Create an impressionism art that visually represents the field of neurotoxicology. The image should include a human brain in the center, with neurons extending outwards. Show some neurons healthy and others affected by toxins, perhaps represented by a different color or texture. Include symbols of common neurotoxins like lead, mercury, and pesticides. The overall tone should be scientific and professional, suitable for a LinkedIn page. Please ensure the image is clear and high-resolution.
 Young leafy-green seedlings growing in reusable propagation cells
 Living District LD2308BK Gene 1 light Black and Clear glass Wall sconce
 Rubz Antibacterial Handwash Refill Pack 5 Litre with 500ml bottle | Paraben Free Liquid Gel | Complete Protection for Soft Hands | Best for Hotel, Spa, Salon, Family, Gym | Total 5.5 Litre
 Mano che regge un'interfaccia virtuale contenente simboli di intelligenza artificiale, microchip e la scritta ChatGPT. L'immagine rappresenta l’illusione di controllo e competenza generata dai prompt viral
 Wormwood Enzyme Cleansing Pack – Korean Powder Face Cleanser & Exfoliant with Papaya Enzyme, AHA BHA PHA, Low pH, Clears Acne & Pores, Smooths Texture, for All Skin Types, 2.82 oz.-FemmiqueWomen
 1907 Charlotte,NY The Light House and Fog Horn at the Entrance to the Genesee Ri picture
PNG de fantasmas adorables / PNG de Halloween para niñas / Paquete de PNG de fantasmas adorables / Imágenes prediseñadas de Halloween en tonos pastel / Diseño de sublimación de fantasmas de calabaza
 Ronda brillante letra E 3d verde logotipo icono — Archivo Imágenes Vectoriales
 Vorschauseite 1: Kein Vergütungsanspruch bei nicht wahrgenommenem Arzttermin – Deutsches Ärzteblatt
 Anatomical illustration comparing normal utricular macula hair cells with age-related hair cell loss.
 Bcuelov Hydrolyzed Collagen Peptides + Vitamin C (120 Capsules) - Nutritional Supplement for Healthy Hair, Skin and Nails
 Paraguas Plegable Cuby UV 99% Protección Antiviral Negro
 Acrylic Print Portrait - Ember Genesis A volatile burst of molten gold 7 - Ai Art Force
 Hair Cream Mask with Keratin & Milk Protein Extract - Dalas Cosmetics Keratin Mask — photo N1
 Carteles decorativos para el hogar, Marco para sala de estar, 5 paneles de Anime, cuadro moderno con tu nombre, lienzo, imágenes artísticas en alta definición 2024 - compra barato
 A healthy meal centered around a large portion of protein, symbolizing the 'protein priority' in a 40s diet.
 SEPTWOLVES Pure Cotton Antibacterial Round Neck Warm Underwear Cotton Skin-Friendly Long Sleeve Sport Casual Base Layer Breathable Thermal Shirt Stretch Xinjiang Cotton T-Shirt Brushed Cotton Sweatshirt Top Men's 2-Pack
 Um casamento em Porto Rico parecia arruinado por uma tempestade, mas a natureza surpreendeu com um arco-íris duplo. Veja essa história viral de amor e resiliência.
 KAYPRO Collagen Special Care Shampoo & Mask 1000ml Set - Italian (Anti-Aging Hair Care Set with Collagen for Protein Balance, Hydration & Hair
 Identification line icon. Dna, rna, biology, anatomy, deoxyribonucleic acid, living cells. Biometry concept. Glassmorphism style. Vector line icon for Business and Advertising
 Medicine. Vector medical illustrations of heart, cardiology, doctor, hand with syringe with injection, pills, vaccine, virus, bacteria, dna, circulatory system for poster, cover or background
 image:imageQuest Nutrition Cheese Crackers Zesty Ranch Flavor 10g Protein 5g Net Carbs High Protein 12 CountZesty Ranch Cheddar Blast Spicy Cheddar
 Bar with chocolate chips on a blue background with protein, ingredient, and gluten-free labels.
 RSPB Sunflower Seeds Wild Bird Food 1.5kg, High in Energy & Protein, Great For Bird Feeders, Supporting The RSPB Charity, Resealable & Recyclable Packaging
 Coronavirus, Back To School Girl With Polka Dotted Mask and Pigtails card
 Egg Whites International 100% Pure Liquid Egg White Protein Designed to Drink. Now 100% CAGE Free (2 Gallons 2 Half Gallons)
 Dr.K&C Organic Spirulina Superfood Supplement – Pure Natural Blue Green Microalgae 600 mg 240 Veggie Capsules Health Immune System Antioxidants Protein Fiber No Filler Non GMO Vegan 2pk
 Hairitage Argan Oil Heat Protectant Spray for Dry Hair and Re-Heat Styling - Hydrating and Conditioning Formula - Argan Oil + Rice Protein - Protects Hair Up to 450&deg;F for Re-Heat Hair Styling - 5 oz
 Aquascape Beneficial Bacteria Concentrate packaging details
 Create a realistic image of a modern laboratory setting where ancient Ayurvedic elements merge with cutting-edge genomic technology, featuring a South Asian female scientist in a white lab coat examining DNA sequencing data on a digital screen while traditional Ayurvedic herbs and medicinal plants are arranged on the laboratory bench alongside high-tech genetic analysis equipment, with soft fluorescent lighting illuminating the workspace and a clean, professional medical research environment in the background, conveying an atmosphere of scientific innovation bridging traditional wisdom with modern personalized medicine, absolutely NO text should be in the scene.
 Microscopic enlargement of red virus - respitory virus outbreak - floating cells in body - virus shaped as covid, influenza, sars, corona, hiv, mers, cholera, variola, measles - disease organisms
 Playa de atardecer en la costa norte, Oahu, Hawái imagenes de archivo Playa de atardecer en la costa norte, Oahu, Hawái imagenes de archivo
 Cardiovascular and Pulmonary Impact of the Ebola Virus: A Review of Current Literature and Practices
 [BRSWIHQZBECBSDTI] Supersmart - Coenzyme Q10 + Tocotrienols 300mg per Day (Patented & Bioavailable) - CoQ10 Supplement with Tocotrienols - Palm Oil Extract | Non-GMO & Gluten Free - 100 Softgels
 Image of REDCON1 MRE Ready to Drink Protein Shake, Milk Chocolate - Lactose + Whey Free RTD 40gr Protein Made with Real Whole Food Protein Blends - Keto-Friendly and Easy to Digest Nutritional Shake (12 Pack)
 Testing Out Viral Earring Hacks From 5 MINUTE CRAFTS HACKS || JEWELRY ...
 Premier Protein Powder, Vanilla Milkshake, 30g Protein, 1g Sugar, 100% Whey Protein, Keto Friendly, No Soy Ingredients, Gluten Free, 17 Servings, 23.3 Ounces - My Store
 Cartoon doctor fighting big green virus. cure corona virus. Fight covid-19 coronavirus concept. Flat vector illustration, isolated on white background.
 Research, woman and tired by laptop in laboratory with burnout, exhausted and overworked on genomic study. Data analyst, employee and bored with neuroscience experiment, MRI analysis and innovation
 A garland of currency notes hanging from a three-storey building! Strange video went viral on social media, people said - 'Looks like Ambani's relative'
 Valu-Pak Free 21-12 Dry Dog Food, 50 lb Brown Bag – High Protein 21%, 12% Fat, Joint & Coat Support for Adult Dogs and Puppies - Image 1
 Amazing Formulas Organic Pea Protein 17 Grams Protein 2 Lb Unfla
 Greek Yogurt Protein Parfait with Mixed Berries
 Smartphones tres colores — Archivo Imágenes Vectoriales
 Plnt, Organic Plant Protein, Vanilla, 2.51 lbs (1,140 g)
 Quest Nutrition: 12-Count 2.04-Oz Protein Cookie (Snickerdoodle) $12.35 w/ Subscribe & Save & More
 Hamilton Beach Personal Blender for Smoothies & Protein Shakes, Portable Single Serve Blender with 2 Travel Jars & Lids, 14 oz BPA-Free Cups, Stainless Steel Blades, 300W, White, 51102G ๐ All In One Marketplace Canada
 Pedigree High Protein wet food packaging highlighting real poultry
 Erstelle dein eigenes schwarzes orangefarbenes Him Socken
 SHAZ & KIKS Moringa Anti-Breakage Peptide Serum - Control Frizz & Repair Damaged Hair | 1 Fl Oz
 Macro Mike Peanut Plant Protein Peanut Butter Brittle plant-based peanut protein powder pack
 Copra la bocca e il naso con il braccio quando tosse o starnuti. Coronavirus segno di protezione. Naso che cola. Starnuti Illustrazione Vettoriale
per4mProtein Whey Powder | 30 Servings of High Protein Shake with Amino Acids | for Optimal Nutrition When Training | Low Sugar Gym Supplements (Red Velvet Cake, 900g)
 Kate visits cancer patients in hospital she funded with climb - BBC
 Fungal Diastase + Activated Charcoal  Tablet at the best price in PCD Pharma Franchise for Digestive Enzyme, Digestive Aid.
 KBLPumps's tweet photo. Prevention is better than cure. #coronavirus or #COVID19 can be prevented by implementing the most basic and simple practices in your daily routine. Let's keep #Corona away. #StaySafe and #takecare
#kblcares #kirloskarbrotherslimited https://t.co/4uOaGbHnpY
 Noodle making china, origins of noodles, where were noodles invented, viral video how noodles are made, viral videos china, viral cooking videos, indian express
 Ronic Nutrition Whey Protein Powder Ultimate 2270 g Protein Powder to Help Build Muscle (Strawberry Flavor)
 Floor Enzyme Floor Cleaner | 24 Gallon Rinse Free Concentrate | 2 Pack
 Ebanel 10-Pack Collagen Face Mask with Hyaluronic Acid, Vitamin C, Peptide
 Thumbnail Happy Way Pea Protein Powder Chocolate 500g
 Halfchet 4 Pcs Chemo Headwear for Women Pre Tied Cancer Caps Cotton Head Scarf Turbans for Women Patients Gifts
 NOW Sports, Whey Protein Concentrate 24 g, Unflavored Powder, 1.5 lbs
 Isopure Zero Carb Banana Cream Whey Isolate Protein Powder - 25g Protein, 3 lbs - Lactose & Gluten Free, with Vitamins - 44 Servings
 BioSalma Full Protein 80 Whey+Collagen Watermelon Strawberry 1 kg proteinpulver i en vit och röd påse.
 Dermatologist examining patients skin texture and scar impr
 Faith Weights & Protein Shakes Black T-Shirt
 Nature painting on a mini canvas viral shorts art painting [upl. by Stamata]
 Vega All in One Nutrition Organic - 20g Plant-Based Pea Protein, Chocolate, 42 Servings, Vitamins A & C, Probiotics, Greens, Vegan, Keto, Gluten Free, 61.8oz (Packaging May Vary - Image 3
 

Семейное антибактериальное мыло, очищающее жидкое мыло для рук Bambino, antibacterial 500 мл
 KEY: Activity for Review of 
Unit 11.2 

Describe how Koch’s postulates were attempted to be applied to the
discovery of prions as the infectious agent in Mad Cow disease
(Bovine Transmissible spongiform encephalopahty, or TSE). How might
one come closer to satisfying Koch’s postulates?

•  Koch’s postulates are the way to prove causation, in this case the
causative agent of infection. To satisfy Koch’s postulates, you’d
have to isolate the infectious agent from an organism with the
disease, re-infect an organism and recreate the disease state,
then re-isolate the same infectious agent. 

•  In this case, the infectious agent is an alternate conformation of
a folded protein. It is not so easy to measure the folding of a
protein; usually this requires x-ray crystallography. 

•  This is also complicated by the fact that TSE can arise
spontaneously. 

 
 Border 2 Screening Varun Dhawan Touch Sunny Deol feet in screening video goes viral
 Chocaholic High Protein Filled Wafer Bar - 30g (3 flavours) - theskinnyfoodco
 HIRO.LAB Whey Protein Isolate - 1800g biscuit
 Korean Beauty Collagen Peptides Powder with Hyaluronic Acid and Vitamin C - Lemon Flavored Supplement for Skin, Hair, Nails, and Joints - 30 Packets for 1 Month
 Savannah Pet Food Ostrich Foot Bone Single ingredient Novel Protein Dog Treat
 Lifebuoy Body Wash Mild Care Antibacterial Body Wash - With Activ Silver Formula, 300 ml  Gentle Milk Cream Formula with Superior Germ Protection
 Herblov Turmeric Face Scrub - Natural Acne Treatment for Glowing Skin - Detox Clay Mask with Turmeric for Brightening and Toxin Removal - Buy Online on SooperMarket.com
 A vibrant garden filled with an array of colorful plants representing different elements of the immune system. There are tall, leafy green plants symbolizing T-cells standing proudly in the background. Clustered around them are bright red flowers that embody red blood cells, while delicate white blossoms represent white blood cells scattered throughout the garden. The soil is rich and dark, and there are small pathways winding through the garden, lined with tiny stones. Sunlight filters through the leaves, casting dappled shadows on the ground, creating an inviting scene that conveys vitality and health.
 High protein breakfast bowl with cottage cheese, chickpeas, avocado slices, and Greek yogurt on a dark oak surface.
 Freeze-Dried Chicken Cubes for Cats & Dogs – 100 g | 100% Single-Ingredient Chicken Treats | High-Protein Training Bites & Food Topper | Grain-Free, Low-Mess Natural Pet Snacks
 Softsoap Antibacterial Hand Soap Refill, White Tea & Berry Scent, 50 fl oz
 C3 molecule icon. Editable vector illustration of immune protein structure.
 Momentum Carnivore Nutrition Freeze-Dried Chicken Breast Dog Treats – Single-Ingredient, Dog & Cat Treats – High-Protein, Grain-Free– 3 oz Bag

--------------------------------------------------

▶ Description of the task
Restate word for word the lines of the data above, starting at the line containing "Floor Enzyme Floor" and ending at the line containing "Korean Beauty Collagen", both included, and nothing more.

▶ Answer to the exercise
 Floor Enzyme Floor Cleaner | 24 Gallon Rinse Free Concentrate | 2 Pack
 Ebanel 10-Pack Collagen Face Mask with Hyaluronic Acid, Vitamin C, Peptide
 Thumbnail Happy Way Pea Protein Powder Chocolate 500g
 Halfchet 4 Pcs Chemo Headwear for Women Pre Tied Cancer Caps Cotton Head Scarf Turbans for Women Patients Gifts
 NOW Sports, Whey Protein Concentrate 24 g, Unflavored Powder, 1.5 lbs
 Isopure Zero Carb Banana Cream Whey Isolate Protein Powder - 25g Protein, 3 lbs - Lactose & Gluten Free, with Vitamins - 44 Servings
 BioSalma Full Protein 80 Whey+Collagen Watermelon Strawberry 1 kg proteinpulver i en vit och röd påse.
 Dermatologist examining patients skin texture and scar impr
 Faith Weights & Protein Shakes Black T-Shirt
 Nature painting on a mini canvas viral shorts art painting [upl. by Stamata]
 Vega All in One Nutrition Organic - 20g Plant-Based Pea Protein, Chocolate, 42 Servings, Vitamins A & C, Probiotics, Greens, Vegan, Keto, Gluten Free, 61.8oz (Packaging May Vary - Image 3
 

Семейное антибактериальное мыло, очищающее жидкое мыло для рук Bambino, antibacterial 500 мл
 KEY: Activity for Review of 
Unit 11.2 

Describe how Koch’s postulates were attempted to be applied to the
discovery of prions as the infectious agent in Mad Cow disease
(Bovine Transmissible spongiform encephalopahty, or TSE). How might
one come closer to satisfying Koch’s postulates?

•  Koch’s postulates are the way to prove causation, in this case the
causative agent of infection. To satisfy Koch’s postulates, you’d
have to isolate the infectious agent from an organism with the
disease, re-infect an organism and recreate the disease state,
then re-isolate the same infectious agent. 

•  In this case, the infectious agent is an alternate conformation of
a folded protein. It is not so easy to measure the folding of a
protein; usually this requires x-ray crystallography. 

•  This is also complicated by the fact that TSE can arise
spontaneously. 

 
 Border 2 Screening Varun Dhawan Touch Sunny Deol feet in screening video goes viral
 Chocaholic High Protein Filled Wafer Bar - 30g (3 flavours) - theskinnyfoodco
 HIRO.LAB Whey Protein Isolate - 1800g biscuit
 Korean Beauty Collagen Peptides Powder with Hyaluronic Acid and Vitamin C - Lemon Flavored Supplement for Skin, Hair, Nails, and Joints - 30 Packets for 1 Month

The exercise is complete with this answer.